For men and women alike, Shiva is the finality and is hence venerated with utmost religious passion and conviction. Which is also one of the reasons that in the temples of India, Shiva’s personification knows no limit. It is in this context that a famous tourist destination like Khajuraho finds yet another perspective to its already globally acknowledged identity.

Kandariya Mahadeo Temple at Khajuraho
Kandariya Mahadeo Temple at Khajuraho

Virtually located in the middle of nowhere in a huge state like Madhya Pradesh, Khajuraho derives its name from the khajoor grove that enveloped the region prior to the accidental discovery (by a certain British officer named Burt) of the magnificent temples that got categorised as the ‘erotica temples of Khajuraho’. Being the historic capital of the Chandellas, who ruled from the 9th to the 13th centuries, it was better known then as Kharjurahaka. These temples display tremendous skill and artistic emancipation of the ancient artists in the Indo-Aryan Nagara style of architecture. The shrines are embellished with a profusion of exquisite sculptural carvings. What has more than often been misunderstood and misrepresented as only erotic art, the finely worked bands going around the temples depict several aspects of life over a 1000 years ago, portraying gods, goddesses, musicians, animals, etc. If there appears to be domination of erotic sculptures featuring apsaras and mithunas (couples) then that has a cultural basis to it and does not necessarily imply that the ancient people were obsessed with the concept of erotic art and its human manifestations. A brief summary of the Khajuraho temple complex might be helpful in comprehending the unique character of the place.

There are three groups of shrines at Khajuraho. The oldest temple dates back to 900 CE called the Chaunsath Yogini in the western group near the Shibsagar Lake. The earlier society existing in the region conducted the panchyatna puja — involving the worship of five deities — Shiva, Vishnu, Shakti, Surya and Ganesha — hence the panchyatna temples. Each has a main shrine and four subsidiary shrines.

The Kandariya Mahadeo temple, the largest amongst the Khajuraho shrines, is considered to be the best representation of the architectural style (Indo-Aryan Nagara). It consists of a sanctum-garbhagriha; a circumambulatory path-pradakshinapath; an Antarala, ardhmandapa, Mandapa and a mahamandapa. The sanctum enshrines a marble Shiva lingam. This structure is a sheer marvel in yellow sandstone, which is anytime harder to sculpt and carve as compared to marble.

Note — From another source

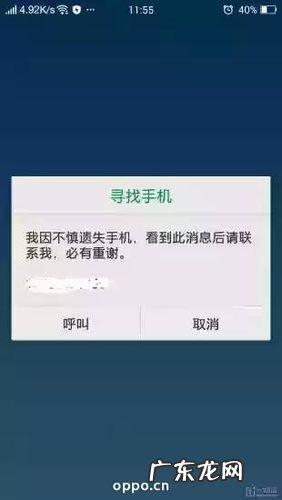 oppo手机丢了能找回来吗 手机丢了怎么找回来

Adjacent to the complex is another shrine that has the highest Shiva lingam in the country, measuring an astounding 27 feet with the visible 9 feet above the ground. It is here that on every Mahashivaratri, the villagers in and around Khajuraho congregate to enact the entire ritual of Shiva-Parvati’s celestial union with great religious fervour. Several yards of sacred thread is tied to the lingam by the devotees and gallons of milk is showered on it. According to popular belief, there is no greater a proof Shiva’s being than the presence of this massive lingam, which has been there even before the panchayatna shrines.

As a native of the village appropriately stated, "Yahan hi to Shiva purna roop se baste hain, Khajuraho Shiva-Shakti ka niwas sthan hai!"